Se repiten canciones del grupo Los Acosta.
—Esa es su rola que más le gustaba,—dice un familiar de Alexander estrechando las manos a otro que va llegando.
Una carpa llena de lucecitas navideñas, con el féretro al centro y la foto de Alex recibiendo serenata de sus amigos. Que le cantan porque ya casi viene diciembre.
Suena “MiGusto Es” con la banda y se levantan unas latas de cerveza al aire para brindar con Alex por última vez.
—Que se escuche otra porra para mi sobrino, —Pide un hombre llorando a todos los presentes. Y resuenan los aplausos. Chicotean en medio del silencio que solo se escucha en los velorios.
La banda le tocó a Alex por más de media hora y sus amigos, toda la mañana con un bocina.
Pasadas la una de la tarde, comienzan a cargar el ataúd color blanco de Alex, con una playera de fútbol color rojo encima y un enorme retrato de él a sus 20 años, que va delante de la caravana.
LA JUSTICIA NO LLEGA
“Aún no se ha movido nada, su coche sigue en el lugar de los hechos”, explica una prima de Alex. Hoy no hay fuerza para hacer papeleos, pero mañana sí, asegura.

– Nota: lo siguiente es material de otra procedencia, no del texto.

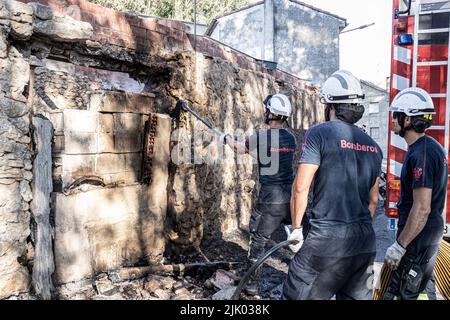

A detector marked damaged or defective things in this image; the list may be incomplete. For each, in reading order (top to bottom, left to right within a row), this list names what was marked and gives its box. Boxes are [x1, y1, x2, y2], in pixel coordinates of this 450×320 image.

burned stone wall [0, 0, 324, 298]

Los presuntos agresores de Alexander ya han sido identificados por la familia, solo falta acudir a la Fiscalía a iniciar la denuncia.
Acusan a una familia de San Martín Toltepec que presuntamente tiene contactos en el ayuntamiento de Toluca.
“Son los Mañón, pero ya los identificamos”, acusan los familiares que quisieron hablar.
El día de los hechos Alex acudió a San Martín Toltepec donde tenía una ferretería para ver a su novia. Una discusión con los familiares de la joven habría desatada la agresión en contra de Alex al interior de un domicilio donde también se haya su coche a la fecha.
Sin embargo, la Fiscalía mexiquense aún no inicia las investigaciones.
La familia de Alexander exige justicia y la detención de los presuntos responsables de la agresión.